CHICAGO -- The Cubs' bid to repeat as World Series champions got a boost on Monday. Their strong start in the second half prompted the front office to make a move, acquiring left-handed reliever Justin Wilson and backup catcher Alex Avila from the Tigers.
The Cubs dipped into their farm system once again, sending top prospect Jeimer Candelario, Class A shortstop Isaac Paredes and a player to be named later or cash to the Tigers in exchange for Wilson and Avila.

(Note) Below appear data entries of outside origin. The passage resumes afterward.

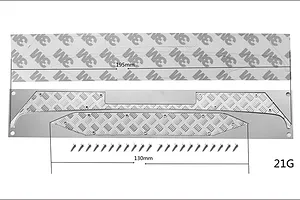 GPM Silver Stainless Steel Slip Proof Bumper Treads 2Pcs image 47975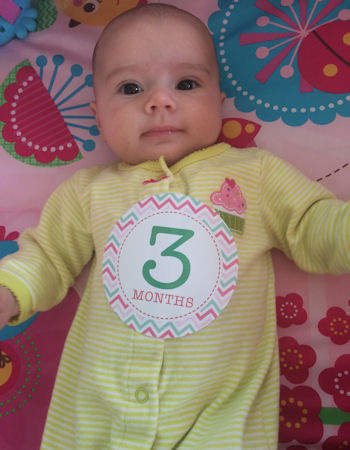 Victoria 3 months old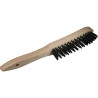 BROSSE METAL A MCHE FIL ROND ACIER   4  RANGS    31923-4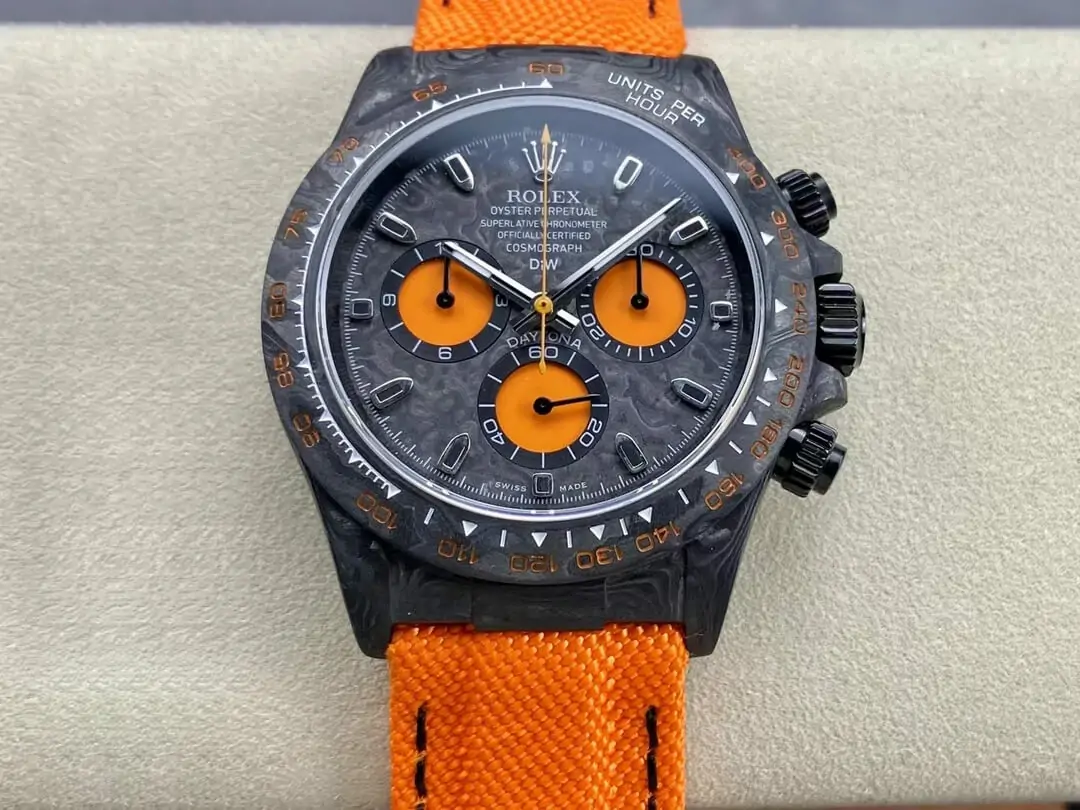 Rolex Daytona Cosmograph Diw Custom Version Noob Factory Orange Fabric Strap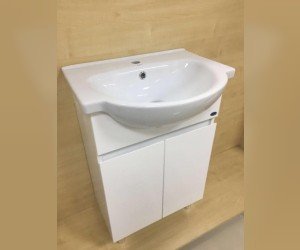 Тумба под раковину Bellezza Нати 50, напольная, белая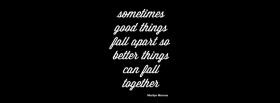 good things fall apart quotes facebook cover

At the All-Star break, the Cubs were 5 1/2 games behind the Brewers in the National League Central. The Cubs got a jump on their rivals by acquiring left-hander Jose Quintana from the White Sox on July 13, well before Monday's non-waiver Trade Deadline. Since then, the Cubs are 13-3 and have opened a 2 1/2-game lead over the Brewers.
"I definitely feel we're a stronger team now than before we got Quintana in the middle of the month," Cubs general manager Jed Hoyer said Monday. "We've added three pieces to our team who can really help us. We're going to try to win this division and hopefully beyond that."

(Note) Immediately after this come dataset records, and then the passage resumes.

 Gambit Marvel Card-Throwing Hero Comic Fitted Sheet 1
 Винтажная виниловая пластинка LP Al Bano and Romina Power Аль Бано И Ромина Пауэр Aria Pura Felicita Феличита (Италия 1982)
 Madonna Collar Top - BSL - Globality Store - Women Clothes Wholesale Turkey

Wilson, 29, was 3-4 with a 2.68 ERA in 42 games this season, and holding right-handers to a .131 batting average while lefties were hitting .220 against him. He gives the Cubs another late-inning setup pitcher, something manager Joe Maddon can always use.

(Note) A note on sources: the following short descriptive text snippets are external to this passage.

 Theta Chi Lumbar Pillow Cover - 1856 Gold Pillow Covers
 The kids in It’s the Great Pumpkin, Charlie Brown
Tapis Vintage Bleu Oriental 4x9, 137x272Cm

"I think [the addition of Wilson] takes a little bit of a burden off a bunch of different guys, which is helpful for Joe," Hoyer said. "Bullpens can get tired in August and September, especially the high-leverage relievers if you're playing well. I think Wilson helps that."
The Cubs did look to acquire more pitching depth, similar to the acquisition one year ago of lefty Mike Montgomery, who can either start or pitch in relief. Hoyer said none of those deals came to fruition.
Wilson, who has 13 saves in 15 chances, is making $2.7 million this year and has one more year of arbitration left on his contract before he becomes a free agent. His addition gives the Cubs three lefty relievers, as he joins Montgomery and Brian Duensing. The Cubs' bullpen ranks second in the National League with a 3.37 ERA.
"I was looking at [Wilson's] game logs, he looks like he's in pretty good shape," Maddon said during a break at his charity golf outing on Monday. "He hasn't been overworked to this point, and that would be the purpose of the program going forward, is to be able to fit him in and not utilize him too often."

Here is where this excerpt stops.